B&H said that my order should be OK since I had not received an e-mail. B&H still has the black model with 18-55mm in stock and the black model with 22mm backordered until July 18.


----------



## neuroanatomist (Jul 10, 2013)

justsomedude said:


> Seriously? I mean... REALLY?
> ...
> Where am I???????????
> ...
> I'm just completely baffled by your post.



You're posting on the Internet, where all people see are the words you write, with no way to convey tone or intent.

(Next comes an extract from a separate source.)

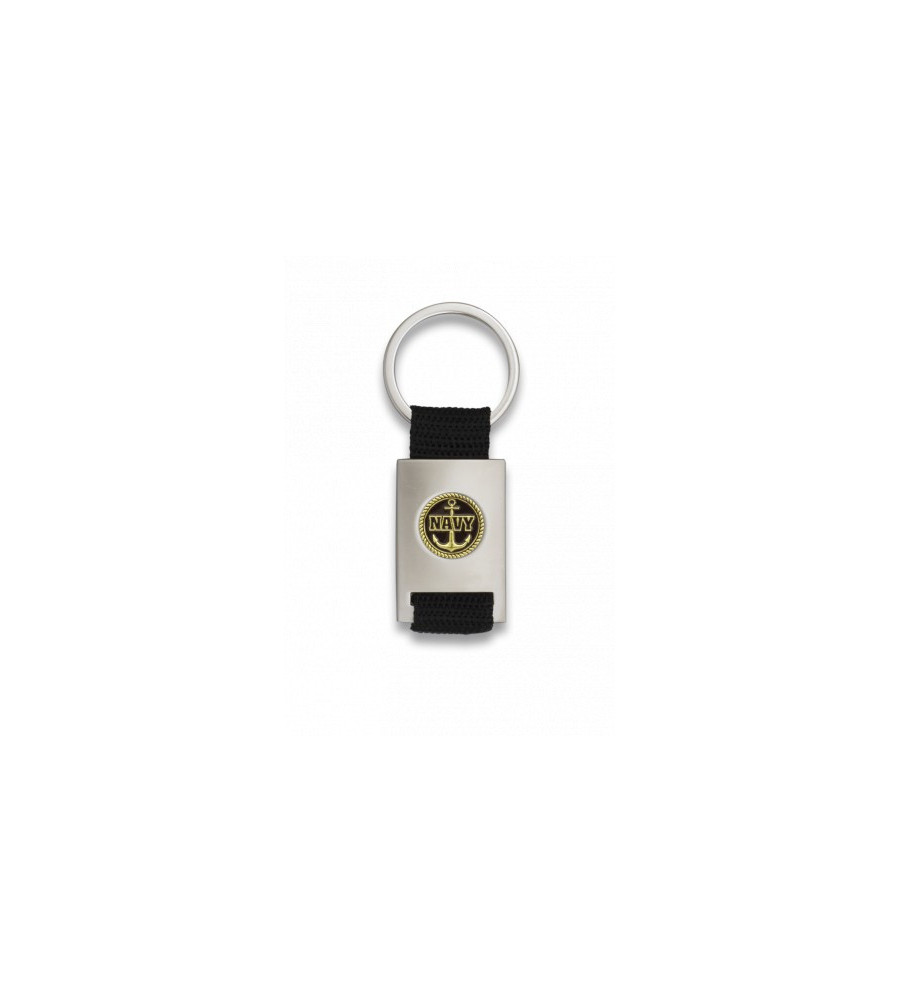 Llavero rectangulo plata + cinta negra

It's baffling to me that many people fail to consider the implications of their words, and are surprised when others are offended.


----------



## samkatz (Jul 11, 2013)

Got my EOS -M 22mm kit from B&H today(ordered the day the sale started).

Will take a slight "learning curve" after using only the D- and Rebel series for 10 years, don't shoot in "live view" much.......

First impressions: +very solid build, no autofocus problems (S/W 2.02), IQ very close to 60D(no surprise),haven't had a lens this fast since my Canon AE 1 Program 50MM 1.8

- controls not very intuitive to me(which is why I love the D series buttons)
- feels strangely heavy, even though it's light...sounds like an oxymoron, but the footprint is tiny, so the weight is concentrated in a small area.
-flash I bought (small sunpak unit) really has lousy coverage.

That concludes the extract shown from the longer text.